Nice discussion of the Phaistos disk for what it is worth. Whatever the object is it is currently a one off sample of an unknown system of writing. In as much the Bronze Age Mediterranean was a hotbed of experimental alphabetics that surely ebbed and waned as one unsatisfactory system replaced another unsatisfactory system, this sample conforms nicely. Translation is presently hopeless and no other samples have arisen. And yes it may well be a pure hoax foisted on us. The lack of additional samples supports the hoax explanation for the present. Yet we may well be dealing with a specialized palace script used to send mail between various rulers, while the more common scripts in use was dedicated to the needs of commerce.

There is a vast difference between the offer to sell thirty cows and the proposal to beat up on a neighbor. That it was formed in clay shows it was taking advantage of the messaging system used in Mesopotamia. Using carved stamps tells us that the vocabulary was very small and that some of the content is naming conventions. In short, it is likely to be a cleverly developed method for sending messages between palaces in a reasonably secure manner. Symbol recognition could even be prearranged at gatherings in order to make it completely impenetrable.

So the use of such a disc fits the information milieu of the times and for that reason alone should likely be accepted. The chance of finding even this disc was remote and if they were in fact critical messages of a diplomatic nature and easily changeable, it makes good sense to destroy upon receipt. Thus archives may simply not exist.

It is additional evidence that a culture was struggling to develop a superior writing system, and the exigencies of using clay discs to send letters would promote an efficient alphabet. In fact this is strong evidence that our alphabet was originally shaped around the needs of carving stamps. This is an important insight regarding the formation of a writing system. Cuneiform arose because of reed styluses, Chinese arose out of hair brushes and Mesoamerica had large brushes to work with.

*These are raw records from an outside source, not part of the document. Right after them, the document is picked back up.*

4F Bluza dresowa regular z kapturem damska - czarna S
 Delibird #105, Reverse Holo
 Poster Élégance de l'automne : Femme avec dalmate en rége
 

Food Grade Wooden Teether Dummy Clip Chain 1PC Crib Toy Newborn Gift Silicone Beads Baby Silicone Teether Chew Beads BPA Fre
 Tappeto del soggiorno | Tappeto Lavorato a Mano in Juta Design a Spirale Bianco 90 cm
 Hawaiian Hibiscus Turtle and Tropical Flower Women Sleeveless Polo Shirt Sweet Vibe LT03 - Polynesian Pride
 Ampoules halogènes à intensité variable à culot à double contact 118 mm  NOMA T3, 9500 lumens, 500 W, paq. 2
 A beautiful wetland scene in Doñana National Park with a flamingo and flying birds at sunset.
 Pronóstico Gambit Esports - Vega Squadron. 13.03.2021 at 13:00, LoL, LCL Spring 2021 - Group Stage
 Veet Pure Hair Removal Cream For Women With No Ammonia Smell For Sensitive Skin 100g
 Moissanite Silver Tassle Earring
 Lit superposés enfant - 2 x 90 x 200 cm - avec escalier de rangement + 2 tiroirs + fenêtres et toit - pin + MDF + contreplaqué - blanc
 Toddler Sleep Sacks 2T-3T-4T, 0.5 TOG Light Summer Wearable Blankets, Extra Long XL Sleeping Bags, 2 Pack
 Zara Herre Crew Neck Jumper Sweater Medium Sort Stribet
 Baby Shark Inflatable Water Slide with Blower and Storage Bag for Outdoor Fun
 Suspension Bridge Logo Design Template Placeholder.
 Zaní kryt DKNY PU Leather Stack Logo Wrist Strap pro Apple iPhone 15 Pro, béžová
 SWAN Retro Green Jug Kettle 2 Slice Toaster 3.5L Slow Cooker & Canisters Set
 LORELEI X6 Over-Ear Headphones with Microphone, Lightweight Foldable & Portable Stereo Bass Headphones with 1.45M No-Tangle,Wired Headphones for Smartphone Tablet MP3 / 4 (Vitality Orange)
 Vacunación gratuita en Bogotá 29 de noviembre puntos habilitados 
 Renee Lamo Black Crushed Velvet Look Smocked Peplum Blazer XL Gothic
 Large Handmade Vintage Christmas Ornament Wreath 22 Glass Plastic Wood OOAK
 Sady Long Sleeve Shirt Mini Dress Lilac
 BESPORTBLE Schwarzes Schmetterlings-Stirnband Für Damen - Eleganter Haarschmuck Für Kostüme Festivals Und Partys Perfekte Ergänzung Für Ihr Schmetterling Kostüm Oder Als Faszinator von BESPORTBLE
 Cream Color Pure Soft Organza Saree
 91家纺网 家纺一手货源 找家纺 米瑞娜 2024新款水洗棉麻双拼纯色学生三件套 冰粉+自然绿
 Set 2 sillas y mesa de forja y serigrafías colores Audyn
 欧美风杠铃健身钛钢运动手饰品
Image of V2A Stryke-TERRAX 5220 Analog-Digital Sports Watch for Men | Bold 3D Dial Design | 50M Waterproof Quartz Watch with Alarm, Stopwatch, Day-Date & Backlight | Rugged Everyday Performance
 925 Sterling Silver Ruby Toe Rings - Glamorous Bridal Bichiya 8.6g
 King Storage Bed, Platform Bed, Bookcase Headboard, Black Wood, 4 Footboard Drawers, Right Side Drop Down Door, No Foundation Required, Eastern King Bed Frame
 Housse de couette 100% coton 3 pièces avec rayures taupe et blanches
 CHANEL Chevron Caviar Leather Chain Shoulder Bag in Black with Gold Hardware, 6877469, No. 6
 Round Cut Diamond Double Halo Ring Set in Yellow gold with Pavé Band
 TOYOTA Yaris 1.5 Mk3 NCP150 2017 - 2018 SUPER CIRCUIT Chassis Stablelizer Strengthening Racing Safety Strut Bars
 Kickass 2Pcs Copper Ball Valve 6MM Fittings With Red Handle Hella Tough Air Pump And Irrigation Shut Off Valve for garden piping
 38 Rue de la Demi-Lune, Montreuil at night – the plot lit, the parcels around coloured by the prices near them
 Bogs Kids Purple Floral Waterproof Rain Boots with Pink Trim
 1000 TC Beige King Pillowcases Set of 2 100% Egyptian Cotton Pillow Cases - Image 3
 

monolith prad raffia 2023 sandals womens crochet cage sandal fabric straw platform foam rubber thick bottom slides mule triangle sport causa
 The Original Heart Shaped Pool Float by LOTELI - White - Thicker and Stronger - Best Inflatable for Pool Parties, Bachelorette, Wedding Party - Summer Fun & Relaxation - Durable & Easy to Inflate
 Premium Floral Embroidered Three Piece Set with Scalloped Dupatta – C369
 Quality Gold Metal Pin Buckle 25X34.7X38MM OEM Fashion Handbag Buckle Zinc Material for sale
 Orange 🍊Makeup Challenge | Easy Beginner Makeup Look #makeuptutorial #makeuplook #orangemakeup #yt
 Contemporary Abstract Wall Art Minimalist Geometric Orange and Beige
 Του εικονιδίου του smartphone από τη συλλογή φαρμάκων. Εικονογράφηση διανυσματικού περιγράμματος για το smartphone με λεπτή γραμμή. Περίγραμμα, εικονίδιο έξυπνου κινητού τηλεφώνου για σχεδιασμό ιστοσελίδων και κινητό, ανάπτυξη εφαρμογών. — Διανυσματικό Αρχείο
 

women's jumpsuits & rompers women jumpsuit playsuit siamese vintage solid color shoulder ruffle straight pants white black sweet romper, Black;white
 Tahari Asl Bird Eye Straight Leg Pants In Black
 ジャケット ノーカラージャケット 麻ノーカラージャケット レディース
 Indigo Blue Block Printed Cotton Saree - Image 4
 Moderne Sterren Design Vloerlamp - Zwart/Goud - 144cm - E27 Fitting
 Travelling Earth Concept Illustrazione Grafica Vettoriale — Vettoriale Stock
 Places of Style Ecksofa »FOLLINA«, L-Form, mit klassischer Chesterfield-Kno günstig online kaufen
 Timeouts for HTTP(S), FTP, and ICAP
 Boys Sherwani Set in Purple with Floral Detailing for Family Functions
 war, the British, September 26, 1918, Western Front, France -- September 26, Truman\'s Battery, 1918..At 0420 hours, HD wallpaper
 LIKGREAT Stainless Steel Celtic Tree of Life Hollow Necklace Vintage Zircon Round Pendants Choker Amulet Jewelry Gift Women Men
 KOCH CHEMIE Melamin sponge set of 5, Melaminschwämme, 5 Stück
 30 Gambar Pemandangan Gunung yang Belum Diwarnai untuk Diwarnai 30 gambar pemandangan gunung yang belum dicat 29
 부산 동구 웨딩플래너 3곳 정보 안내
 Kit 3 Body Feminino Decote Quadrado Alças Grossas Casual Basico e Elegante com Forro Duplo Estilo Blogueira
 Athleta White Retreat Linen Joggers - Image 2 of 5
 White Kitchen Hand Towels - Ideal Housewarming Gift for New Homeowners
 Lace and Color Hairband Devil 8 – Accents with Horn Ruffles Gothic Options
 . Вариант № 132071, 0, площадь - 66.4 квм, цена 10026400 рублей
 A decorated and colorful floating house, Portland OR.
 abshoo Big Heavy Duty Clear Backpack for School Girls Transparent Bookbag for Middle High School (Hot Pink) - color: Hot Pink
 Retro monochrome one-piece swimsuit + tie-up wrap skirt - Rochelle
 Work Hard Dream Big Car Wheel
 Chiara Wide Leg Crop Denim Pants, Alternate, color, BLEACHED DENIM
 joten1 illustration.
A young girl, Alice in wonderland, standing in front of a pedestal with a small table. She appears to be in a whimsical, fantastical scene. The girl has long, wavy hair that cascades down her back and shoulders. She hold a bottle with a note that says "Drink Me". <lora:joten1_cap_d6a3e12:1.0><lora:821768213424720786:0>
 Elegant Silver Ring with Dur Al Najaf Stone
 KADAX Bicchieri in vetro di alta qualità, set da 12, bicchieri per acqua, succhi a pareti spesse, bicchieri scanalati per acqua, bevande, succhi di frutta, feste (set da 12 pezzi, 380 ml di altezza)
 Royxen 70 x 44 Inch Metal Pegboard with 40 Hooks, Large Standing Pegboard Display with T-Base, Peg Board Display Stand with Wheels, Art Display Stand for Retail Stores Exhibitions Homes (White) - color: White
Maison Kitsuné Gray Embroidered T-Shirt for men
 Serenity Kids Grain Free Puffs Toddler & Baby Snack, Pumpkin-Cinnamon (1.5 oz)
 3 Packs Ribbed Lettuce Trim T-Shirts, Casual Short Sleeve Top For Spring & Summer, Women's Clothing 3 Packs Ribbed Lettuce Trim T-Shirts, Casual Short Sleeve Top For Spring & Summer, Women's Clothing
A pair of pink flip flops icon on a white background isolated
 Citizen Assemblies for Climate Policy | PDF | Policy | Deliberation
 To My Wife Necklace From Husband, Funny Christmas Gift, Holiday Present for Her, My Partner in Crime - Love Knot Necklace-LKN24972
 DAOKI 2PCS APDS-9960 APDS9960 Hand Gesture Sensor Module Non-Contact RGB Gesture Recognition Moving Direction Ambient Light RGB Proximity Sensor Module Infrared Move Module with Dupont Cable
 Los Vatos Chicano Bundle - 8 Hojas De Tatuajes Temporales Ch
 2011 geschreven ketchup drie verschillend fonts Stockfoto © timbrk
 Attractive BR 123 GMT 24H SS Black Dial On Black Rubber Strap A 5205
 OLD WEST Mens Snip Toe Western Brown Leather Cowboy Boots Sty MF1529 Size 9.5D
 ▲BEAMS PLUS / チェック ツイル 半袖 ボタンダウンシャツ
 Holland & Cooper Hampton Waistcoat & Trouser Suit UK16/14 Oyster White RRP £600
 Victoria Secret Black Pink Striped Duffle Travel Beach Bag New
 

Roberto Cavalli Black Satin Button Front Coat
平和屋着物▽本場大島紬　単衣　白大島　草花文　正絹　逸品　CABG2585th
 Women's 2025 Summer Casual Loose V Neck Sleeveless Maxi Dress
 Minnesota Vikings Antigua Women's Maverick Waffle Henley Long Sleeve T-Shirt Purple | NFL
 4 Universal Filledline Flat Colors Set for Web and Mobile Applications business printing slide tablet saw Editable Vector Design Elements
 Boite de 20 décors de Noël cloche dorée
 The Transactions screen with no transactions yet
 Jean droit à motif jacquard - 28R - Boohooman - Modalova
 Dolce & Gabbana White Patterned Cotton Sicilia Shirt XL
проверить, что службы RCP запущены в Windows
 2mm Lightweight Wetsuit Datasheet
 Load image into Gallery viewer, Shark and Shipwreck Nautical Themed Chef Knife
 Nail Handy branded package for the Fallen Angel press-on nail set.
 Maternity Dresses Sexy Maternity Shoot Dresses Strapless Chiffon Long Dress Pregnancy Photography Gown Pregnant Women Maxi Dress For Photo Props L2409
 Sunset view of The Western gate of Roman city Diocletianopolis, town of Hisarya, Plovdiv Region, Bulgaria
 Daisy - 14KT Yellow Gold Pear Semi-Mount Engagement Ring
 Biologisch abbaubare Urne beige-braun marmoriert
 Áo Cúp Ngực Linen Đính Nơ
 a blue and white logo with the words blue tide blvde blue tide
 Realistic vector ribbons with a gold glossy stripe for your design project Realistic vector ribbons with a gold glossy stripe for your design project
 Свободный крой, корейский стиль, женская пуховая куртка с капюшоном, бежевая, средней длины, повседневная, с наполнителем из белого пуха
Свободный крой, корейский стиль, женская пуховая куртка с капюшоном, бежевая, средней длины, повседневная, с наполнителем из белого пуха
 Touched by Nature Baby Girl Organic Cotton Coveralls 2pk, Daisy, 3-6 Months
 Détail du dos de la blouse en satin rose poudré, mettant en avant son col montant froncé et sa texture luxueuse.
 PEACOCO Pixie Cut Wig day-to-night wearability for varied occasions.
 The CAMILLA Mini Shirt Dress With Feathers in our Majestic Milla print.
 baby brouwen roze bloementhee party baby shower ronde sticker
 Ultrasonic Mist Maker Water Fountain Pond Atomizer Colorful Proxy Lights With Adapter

The Phaistos disk: hoax, ancient calculator, or Piltdown cookie?

May 25, 9:25 AM

I mentioned the Phaistos Disk in a previous column, just in passing, and thought it merited a meandering discussion of its own. This famous disk is a saucer-sized clay object, about six inches across, that was found in Phaistos, a city on the island of Crete, which is south of the Greek mainland in the Mediterranean Sea – for those of you who are weak in geography. This disk has what appears to be writing on it, spiraling in from the rim. Unless, of course, it’s really spiraling out from the center. The writing, if that’s what it really is, appears on both sides, but the “message” is not the same on the two sides. A long time ago, I came up with my own fanciful “decipherment” because I was getting tired of reading everybody else’s, as no two of these experts agreed with each other in the slightest. Mine doesn’t agree with anybody else’s either, though, so I won’t bother you with a rendition of it.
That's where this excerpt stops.